PROBLEM REQUIREMENTS:
When the line containing "Safavieh Courtyard Cy6576" appears in the entries below, begin printing there and stop after the line containing "Enfoque en Neuropsicología"; print each of those lines exactly and no other line.

RECORDS TO PROCESS:

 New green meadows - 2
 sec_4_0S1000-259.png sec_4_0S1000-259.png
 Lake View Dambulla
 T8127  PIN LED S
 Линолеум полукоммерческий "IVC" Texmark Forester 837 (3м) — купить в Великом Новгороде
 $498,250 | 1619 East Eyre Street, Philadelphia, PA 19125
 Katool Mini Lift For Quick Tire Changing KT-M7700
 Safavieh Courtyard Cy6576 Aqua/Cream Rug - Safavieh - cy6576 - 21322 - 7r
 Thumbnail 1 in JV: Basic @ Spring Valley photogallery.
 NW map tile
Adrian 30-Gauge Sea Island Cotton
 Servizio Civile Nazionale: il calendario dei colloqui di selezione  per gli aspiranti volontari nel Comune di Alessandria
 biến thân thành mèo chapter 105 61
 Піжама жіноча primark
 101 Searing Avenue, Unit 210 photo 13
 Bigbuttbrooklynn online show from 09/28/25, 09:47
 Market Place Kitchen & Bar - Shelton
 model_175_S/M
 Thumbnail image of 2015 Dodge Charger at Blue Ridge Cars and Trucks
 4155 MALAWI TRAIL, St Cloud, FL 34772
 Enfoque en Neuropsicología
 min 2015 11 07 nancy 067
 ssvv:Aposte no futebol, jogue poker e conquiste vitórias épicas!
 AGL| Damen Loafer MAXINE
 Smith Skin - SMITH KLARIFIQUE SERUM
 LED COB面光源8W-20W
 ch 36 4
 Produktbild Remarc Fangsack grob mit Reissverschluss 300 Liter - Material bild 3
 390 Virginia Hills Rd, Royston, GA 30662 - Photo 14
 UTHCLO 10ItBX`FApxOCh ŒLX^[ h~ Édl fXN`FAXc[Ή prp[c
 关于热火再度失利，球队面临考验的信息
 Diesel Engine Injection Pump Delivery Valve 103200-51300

OUTPUT:
 Safavieh Courtyard Cy6576 Aqua/Cream Rug - Safavieh - cy6576 - 21322 - 7r
 Thumbnail 1 in JV: Basic @ Spring Valley photogallery.
 NW map tile
Adrian 30-Gauge Sea Island Cotton
 Servizio Civile Nazionale: il calendario dei colloqui di selezione  per gli aspiranti volontari nel Comune di Alessandria
 biến thân thành mèo chapter 105 61
 Піжама жіноча primark
 101 Searing Avenue, Unit 210 photo 13
 Bigbuttbrooklynn online show from 09/28/25, 09:47
 Market Place Kitchen & Bar - Shelton
 model_175_S/M
 Thumbnail image of 2015 Dodge Charger at Blue Ridge Cars and Trucks
 4155 MALAWI TRAIL, St Cloud, FL 34772
 Enfoque en Neuropsicología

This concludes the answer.